I’ve talked before about how one of the things I love about herbalism is that historically it has been an oral tradition, something to be shared. And so, in the spirit of interdependence, I am happy to continue this tradition. The etymology of the word “amateur” describes a passion with little experience, and indeed I am sharing as I learn, so please note that I am not a botanist, a licensed medical professional, etc., I’m just someone in awe of nature’s abundance!

The weather has been absolutely perfect this week, and after seemingly *just* missing their peak last year, I was so happy to harvest nearly a quart of wild violets from our own backyard. Commonly known as garden violets or sweet violets, Viola odorata and Viola sororia were originally native to Europe, though now grow abundantly in North America as well. With creeping roots, they can be found along hedges, throughout wooded areas, and, if you’re lucky, in your own backyards! The whole plant is edible, and rich in vitamins C and A. Their leaves are cordate, or heart shaped, and may be used in a tea to soothe coughing. The flowers are a lovely bit of color tossed in salads, but I chose to make an herbal vinegar with my harvest!

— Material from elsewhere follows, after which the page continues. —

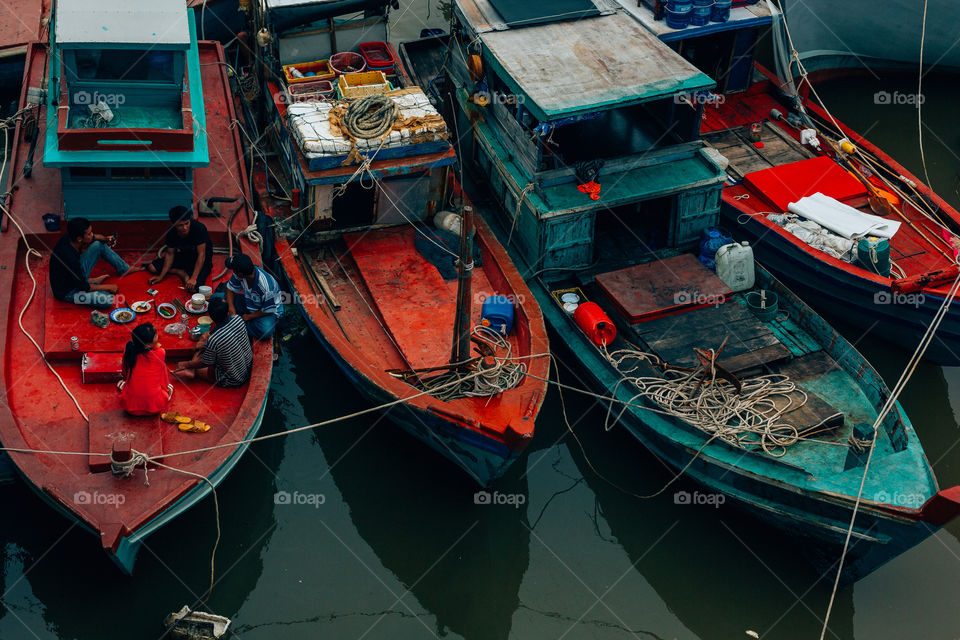 people have lunch sitting on the ship.  Vietnam Phu Quoc Island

After collecting and lightly rinsing the petals, I packed them into an airtight glass jar and topped with white vinegar. Already, the color imparted to the vinegar is a vibrant purple.

Day 1, packed in white vinegar
Day 2, such a change in 24 hours!

After 2 weeks in a cool, dark space, I’ll strain the petals and voila! Herbal vinegar, to be used in salad dressings, cooking, and tonics. Have you ever collected wild violets? What was your experience in preservation? Share your favorite herbalist tips in the comments!